Constructing Deep Web Integration Systems

Eduard Dragut
Purdue University
Wachman 1015D
Thursday, March 21, 2013 - 11:00
A very large number of Web sites expose their content via query interfaces (HTML forms), many of them offering the same type of products/services (e.g., flight tickets, car rental/purchasing, hotel room booking). Providing a uniform access to these sources is of practical importance as it facilitates users in searching and comparing services/products of multiple providers. The goal of my research is to construct integration systems that make the access to individual sources transparent to users. To achieve this goal a number of problems need to be addressed. The first is the problem of query interface extraction and understanding. Second, for a certain domain of discourse (e.g., real estate) a uniform query interface to the different data sources has to be constructed. Third, a query formulated on the integrated interface needs to be translated into queries against interfaces of specific sources. Last, returned data by individual sources need to be correctly extracted and the results ranked in descending order of certain desirability property (e.g. price).

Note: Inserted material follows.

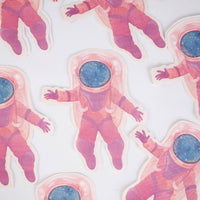Scattered pink girl astronaut die-cut paper napkins showing the spacewalk pose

In this talk, I will first give an overview of the general architecture of a deep Web integration system. I will then present two such systems that I have developed. One is VisQI (VISual Query interface Integration system). VisQI is capable of (1) extracting Web query interfaces, (2) classifying query interfaces into application domains, and (3) matching the elements of different interfaces. In this talk, I focus on the algorithms for (1) and (3). The other system is Yumi (, an integration system for local search engines for Geo-referenced objects. Typical queries submitted to local search engines include not only information about "what" a user is searching for (such as cuisine) but also "where", such as neighborhood. I will present three key algorithms implemented in Yumi: a neighborhood query processing algorithm, a business listing resolution algorithm and a ranking algorithm with active weights computation. Finally, I will briefly discuss future research directions. At the end of my talk, I will talk about my recent research endeavors into (1) Web data cleaning, (2) sentiment analysis, and (3) cyber- infrastructure for scientific research.